The data table has T20, T30, Topt amoung others, and a filter to let you see discrete frequency ranges. 

There is an "RT60" button at the top, but that shows T20/T30/Topt as a function of frequency, which is a very good way to look at it. 

I also like the spectrogram with the scale set to a 60dB range so any low-level resonances stick out. 

Have fun,
Frank


----------



## aimeenorwich (Feb 12, 2010)

Thank you Frank. I'm going to download REW 5 and see what I can do.


----------



## JohnM (Apr 11, 2006)

aimeenorwich said:


> It says online that I can use RoomEQ to read RT60, and REQ has a time vs DB graph in the Impulse section, so, I'm assuming it's giving me RT60. Am I right???

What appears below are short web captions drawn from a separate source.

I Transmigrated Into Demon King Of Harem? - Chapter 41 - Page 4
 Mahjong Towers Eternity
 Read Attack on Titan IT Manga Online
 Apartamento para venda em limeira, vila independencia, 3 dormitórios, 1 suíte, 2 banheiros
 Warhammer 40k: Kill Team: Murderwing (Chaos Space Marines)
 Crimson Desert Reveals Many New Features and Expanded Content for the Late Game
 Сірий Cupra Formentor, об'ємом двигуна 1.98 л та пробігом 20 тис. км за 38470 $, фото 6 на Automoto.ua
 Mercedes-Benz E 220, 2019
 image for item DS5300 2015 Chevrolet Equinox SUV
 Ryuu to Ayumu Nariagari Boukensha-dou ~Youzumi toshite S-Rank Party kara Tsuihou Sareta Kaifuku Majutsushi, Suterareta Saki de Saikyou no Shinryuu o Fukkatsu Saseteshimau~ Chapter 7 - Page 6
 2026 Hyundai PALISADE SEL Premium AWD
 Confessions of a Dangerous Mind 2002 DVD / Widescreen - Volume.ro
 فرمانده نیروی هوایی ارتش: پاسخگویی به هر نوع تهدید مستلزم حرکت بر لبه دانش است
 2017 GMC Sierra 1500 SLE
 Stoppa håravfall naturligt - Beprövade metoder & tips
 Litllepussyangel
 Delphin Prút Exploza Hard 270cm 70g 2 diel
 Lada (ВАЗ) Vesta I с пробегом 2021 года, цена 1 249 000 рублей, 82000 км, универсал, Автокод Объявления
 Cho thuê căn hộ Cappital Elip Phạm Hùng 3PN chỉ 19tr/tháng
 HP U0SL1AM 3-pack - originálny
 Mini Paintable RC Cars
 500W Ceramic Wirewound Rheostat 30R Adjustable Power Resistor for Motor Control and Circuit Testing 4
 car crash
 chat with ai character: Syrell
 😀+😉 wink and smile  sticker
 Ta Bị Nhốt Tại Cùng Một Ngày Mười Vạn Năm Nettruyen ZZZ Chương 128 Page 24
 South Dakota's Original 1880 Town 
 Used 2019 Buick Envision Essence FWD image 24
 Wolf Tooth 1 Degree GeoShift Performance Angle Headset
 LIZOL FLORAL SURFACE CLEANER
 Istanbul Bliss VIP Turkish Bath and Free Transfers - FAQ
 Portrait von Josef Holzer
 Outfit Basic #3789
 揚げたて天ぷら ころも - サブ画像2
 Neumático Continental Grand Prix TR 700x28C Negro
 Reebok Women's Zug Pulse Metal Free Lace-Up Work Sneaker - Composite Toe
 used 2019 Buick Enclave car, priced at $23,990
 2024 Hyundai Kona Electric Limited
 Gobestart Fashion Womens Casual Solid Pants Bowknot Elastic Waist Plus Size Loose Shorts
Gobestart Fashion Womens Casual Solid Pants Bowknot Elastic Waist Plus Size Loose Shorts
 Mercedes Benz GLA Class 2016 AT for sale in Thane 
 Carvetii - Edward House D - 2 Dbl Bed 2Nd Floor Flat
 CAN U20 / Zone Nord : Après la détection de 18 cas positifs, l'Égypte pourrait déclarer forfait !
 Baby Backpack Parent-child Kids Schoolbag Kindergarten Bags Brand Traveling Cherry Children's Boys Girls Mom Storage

The impulse response can be shown with either a linear (percentage of full scale, % FS) or logarithmic (dB) vertical axis. When viewed with a dB axis you could make an estimate of the slope of the decay of the impulse response and use that to estimate the RT60 time, but REW can do that job for you using the Schroeder backward integration method. The RT60 figure is estimated by looking at the slope of the Schroeder integral over various ranges, for example from -5dB to -25dB (called T20) or -5dB to -35dB (called T30), and extrapolating that slope to estimate the time it would take to decay by 60dB if the rate of decay remained the same.



> Also, is the dashed line at 500ms on the x axis a marker for easier reading?


It shows one edge of the window used to select the part of the impulse response that is used to produce the frequency response.


----------